As a teacher in the classroom, I spend my time talking with students, pulling out their current understandings and helping them weave those into new and stronger understandings. I tell stories about physics and physicists. I ask students to tell me stories about their own experiences, and about the things they imagine would happen in a little-toy-physics world that we construct together. I ask questions frequently; I rarely answer them. When there is ambiguity, we explore and understand it. When there is uncertainty, we use dialogue, consideration, and (rarely, in targeted situations) authority to clear it up.
As a course coordinator online, I rely heavily on my TAs. When I go to the discussion boards for the course, almost every question has already been answered, sometimes by another student, more often by a TA. (I consider this a minor failing of the course – more on that another day.) My interactions with the students are primarily limited to answering highly technical questions, either about more advanced physics than the course offers, or about the system on which the course runs. I spend more time fixing technical issues, rewording questions to remove ambiguity, and coordinating the wonderful staff that I have, than doing anything that feels like classroom teaching.
I think that a major component of this difference comes from bandwidth. Text, when compared to face-to-face interaction, is painfully slow and essentially void of nuance. This is doubly the case when typing back and forth to non-native speakers. Over 70% of our students come from outside the USA, and about 50% are from outside India, the UK, and Australia.
Another component is scale: there are nearly 16,000 registrants for Mechanics ReView. Most of them are just here to take a peek, so a better measure is that there are over 1200 serious students in the course at this point. If I tried to do this all on my own, I would have no time to sleep. We have nearly 80 support staff who are the student-facing part of the operation, and I’ll spend a whole entry on them later, because they’re amazing people. They handle the day-to-day talking, answering, and interacting that presents the human side to the course. My job is at the top of a pyramid, where in the classroom I was the entire pyramid.

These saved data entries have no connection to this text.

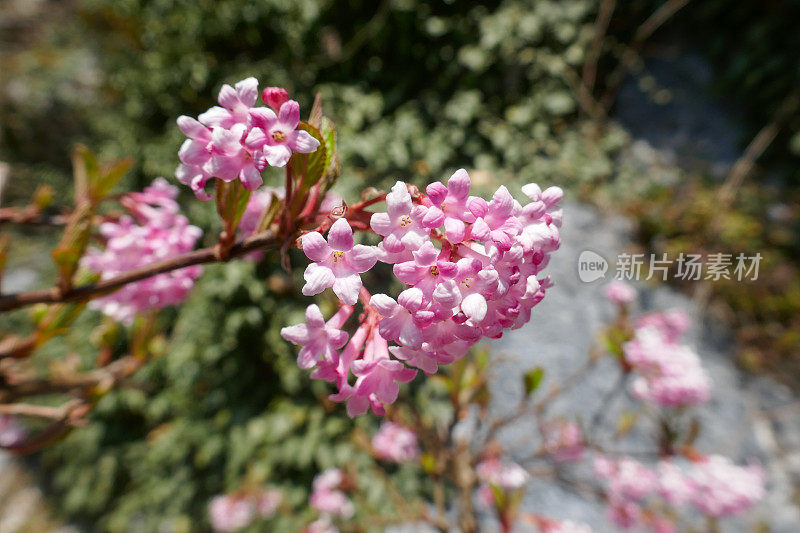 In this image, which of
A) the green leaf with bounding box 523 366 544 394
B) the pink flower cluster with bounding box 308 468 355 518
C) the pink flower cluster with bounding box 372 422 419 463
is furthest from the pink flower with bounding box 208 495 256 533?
the green leaf with bounding box 523 366 544 394

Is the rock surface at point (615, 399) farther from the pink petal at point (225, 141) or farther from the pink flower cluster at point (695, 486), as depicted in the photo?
the pink petal at point (225, 141)

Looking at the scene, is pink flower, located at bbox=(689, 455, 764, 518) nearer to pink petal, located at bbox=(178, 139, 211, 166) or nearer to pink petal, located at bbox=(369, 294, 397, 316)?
pink petal, located at bbox=(369, 294, 397, 316)

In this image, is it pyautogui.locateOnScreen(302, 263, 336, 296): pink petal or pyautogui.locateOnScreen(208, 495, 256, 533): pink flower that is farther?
pyautogui.locateOnScreen(208, 495, 256, 533): pink flower

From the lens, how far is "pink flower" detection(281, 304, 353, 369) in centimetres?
39

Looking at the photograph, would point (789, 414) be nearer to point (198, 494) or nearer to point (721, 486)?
point (721, 486)

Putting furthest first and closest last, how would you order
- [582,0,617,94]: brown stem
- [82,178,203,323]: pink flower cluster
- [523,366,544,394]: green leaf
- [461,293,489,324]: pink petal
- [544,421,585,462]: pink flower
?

It doesn’t feel much like teaching at all. It feels like what I call it – being a course coordinator.
There is definitely still education taking place – you can see people learn; there is a semi-permanent record of students’ struggles with the material and their minor epiphanies on the discussion boards. I just don’t feel like I’m contributing to that understanding after the course begins. Research will show the relative effectiveness of classroom and online learning. My gut feeling is that there won’t be much difference, on average, between a course of well-delivered lectures and an online course with pre-recorded well-delivered lectures. What I want is a way to bring things beyond just lectures into the online environment. More about that on Monday.
If you want to take a look at the course, it should be visible through at least the end of September 2013, and hopefully archived well beyond that for anyone to see.